What is needed
In the material below, find the span from the line with "Reetkeem 릿킴 퍼코트 상품이미지6" to the line with "Nationals Next Gen" and transcribe only those lines, exactly, ends included, without the pictures.

Given information
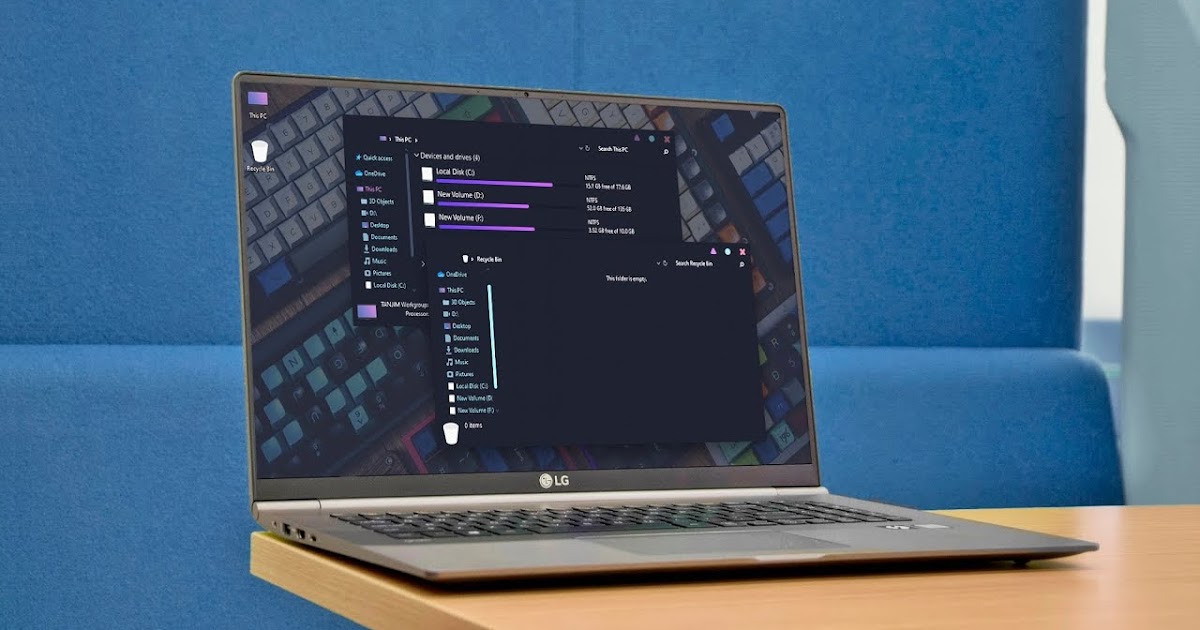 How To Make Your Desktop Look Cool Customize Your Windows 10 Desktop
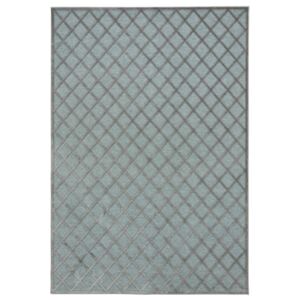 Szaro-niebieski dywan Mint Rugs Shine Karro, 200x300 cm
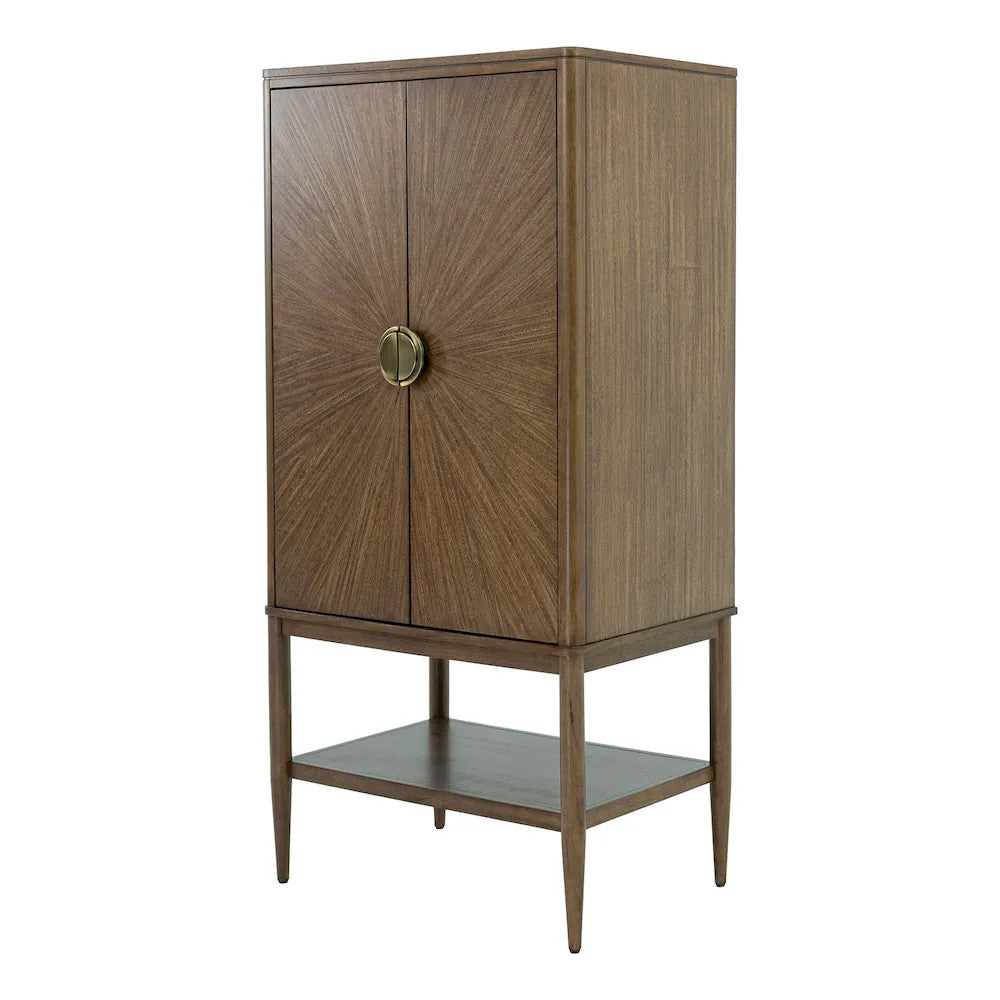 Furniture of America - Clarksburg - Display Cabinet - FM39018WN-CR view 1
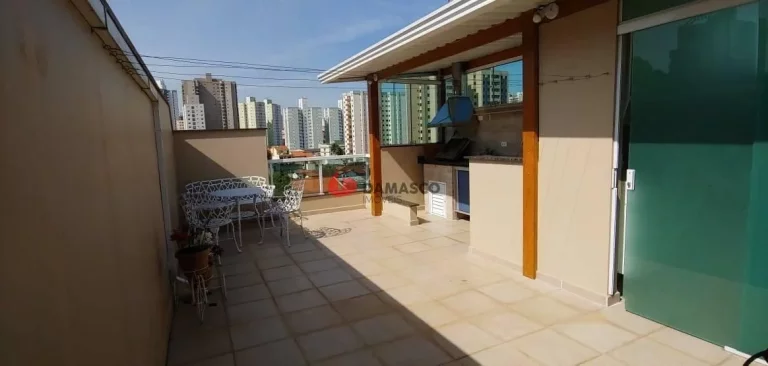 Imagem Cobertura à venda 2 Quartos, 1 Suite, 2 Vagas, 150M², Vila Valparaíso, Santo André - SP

* * *

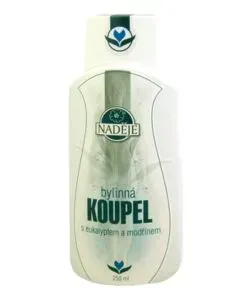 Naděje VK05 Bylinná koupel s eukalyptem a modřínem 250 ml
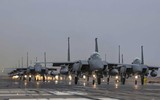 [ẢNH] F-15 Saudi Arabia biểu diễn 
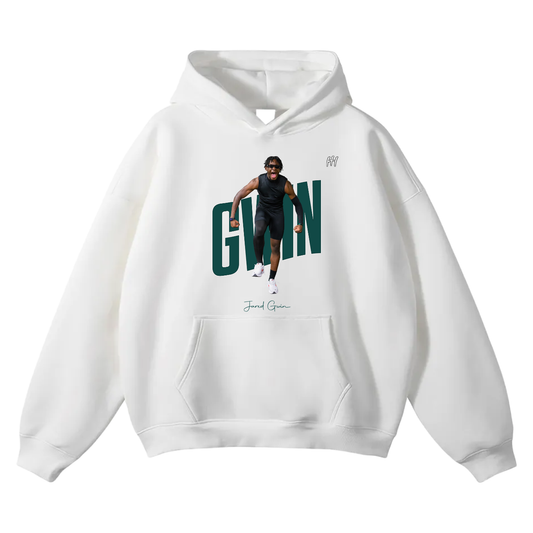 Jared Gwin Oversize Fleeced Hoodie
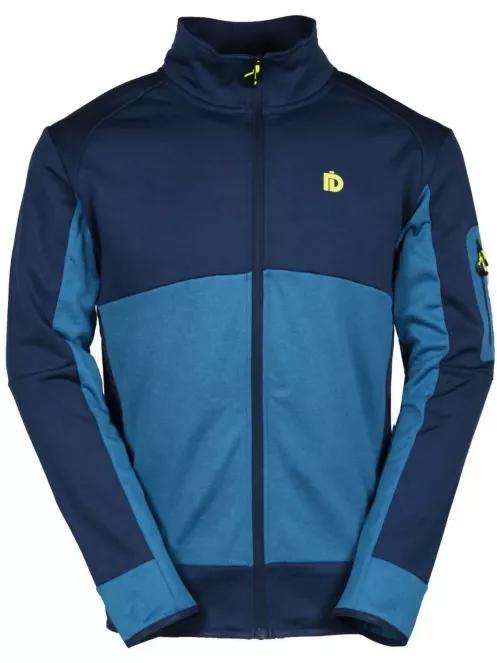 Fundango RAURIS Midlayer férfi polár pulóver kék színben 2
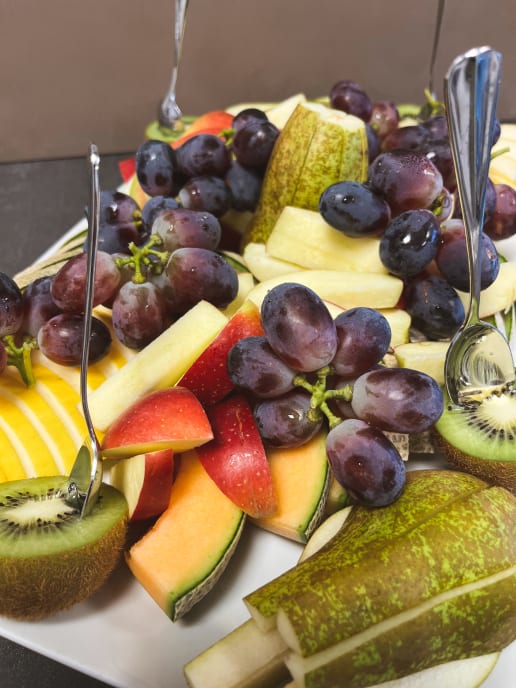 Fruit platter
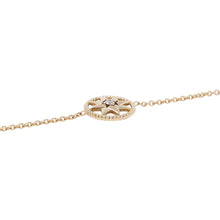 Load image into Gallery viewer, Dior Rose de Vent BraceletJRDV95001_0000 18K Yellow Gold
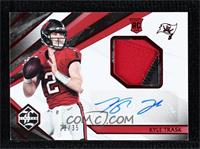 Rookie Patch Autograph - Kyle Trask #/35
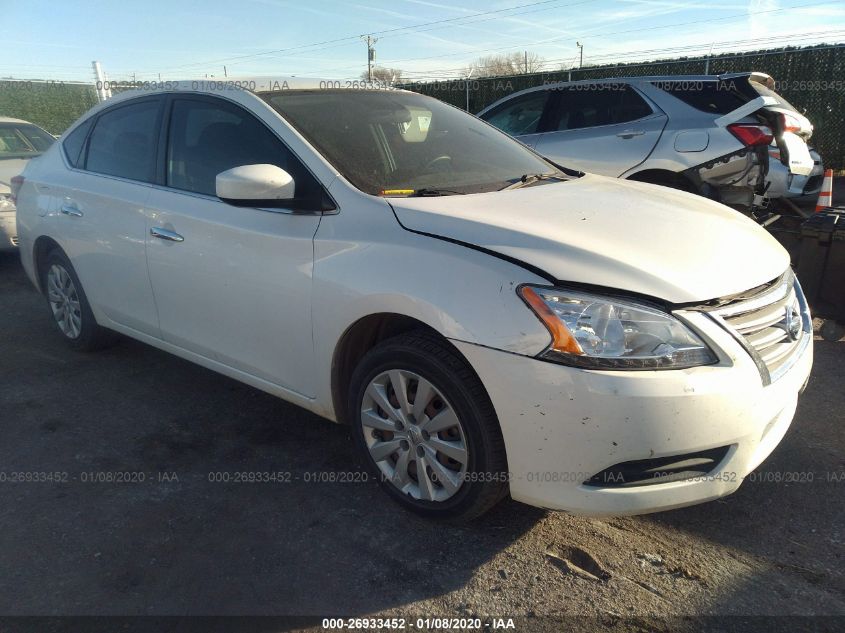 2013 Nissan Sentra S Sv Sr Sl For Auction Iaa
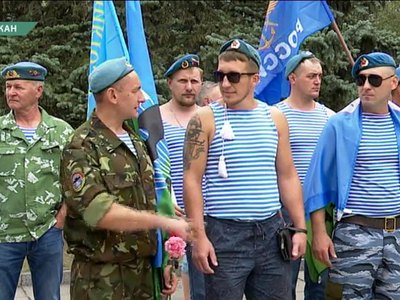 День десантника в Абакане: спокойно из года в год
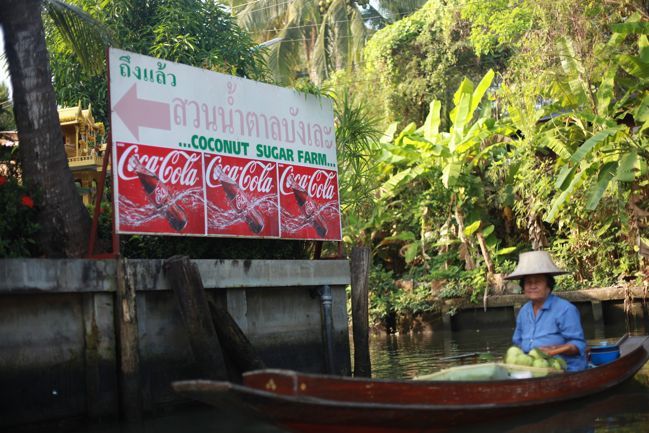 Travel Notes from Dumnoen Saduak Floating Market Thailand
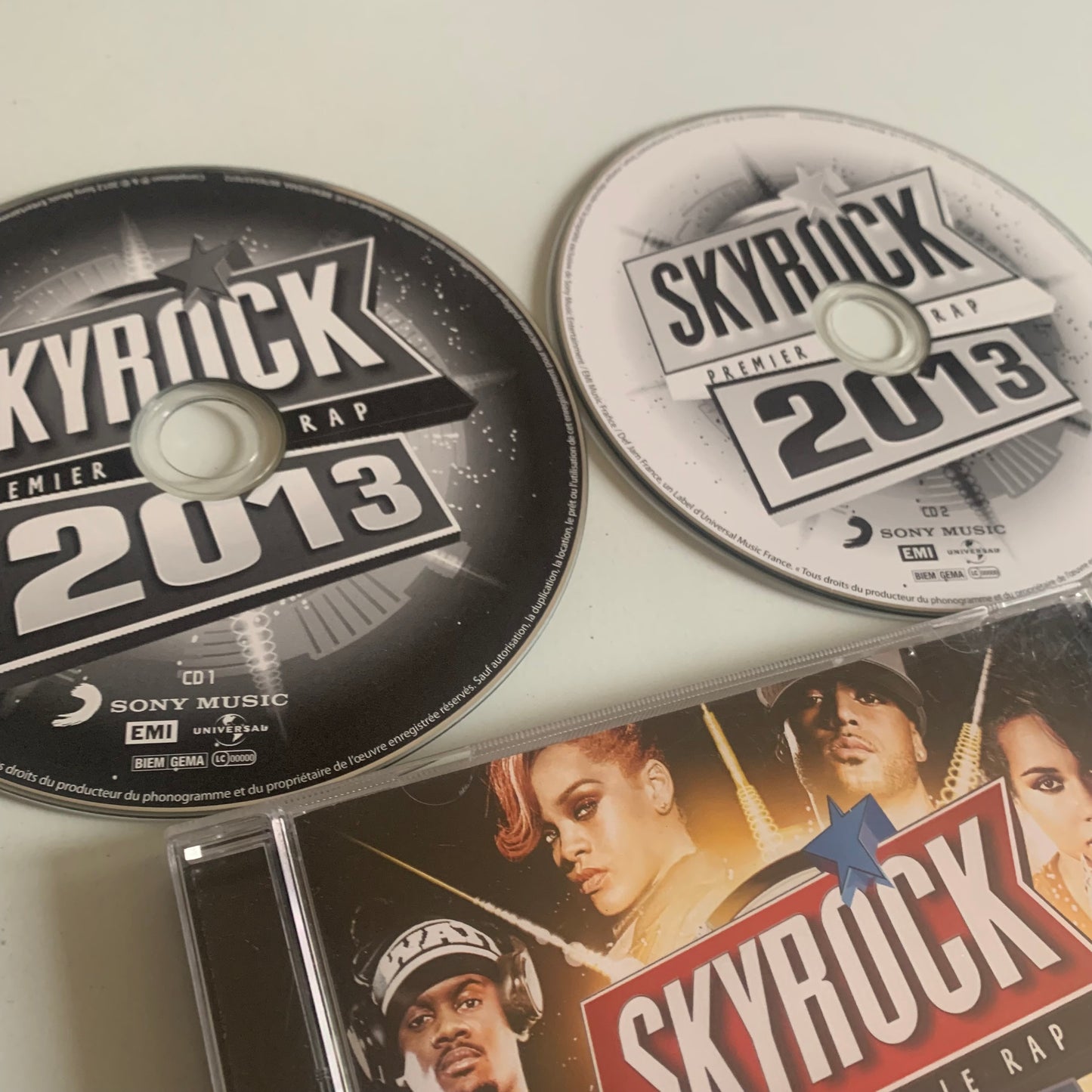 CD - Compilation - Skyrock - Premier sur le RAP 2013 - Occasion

---

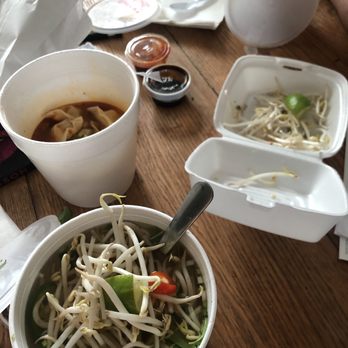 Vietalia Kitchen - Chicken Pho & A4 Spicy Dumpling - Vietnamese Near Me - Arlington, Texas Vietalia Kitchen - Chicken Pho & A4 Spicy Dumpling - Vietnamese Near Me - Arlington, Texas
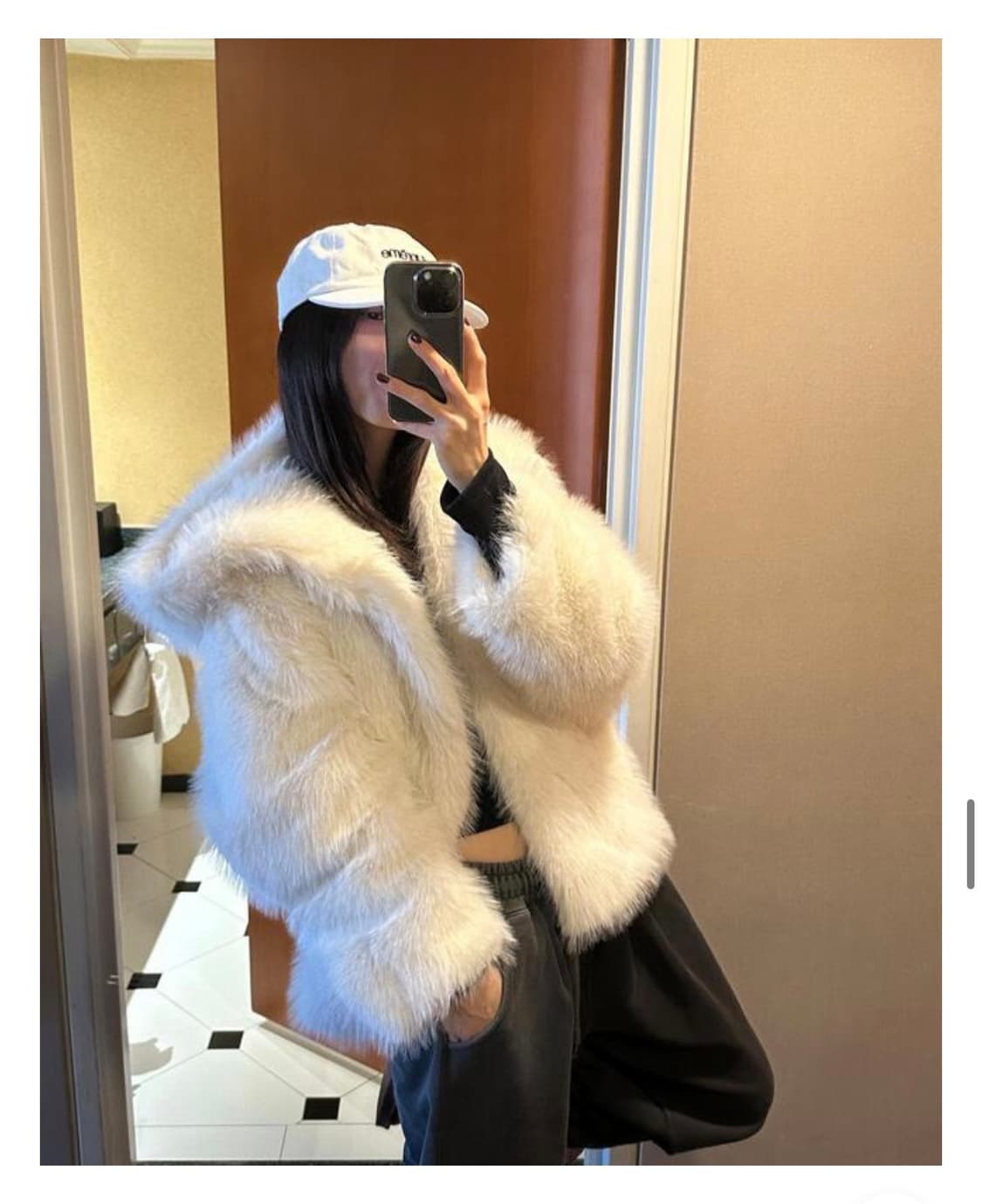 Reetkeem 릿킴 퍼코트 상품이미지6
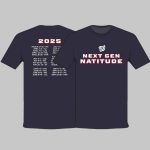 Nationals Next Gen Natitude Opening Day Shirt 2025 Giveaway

Written response
 Reetkeem 릿킴 퍼코트 상품이미지6
 Nationals Next Gen Natitude Opening Day Shirt 2025 Giveaway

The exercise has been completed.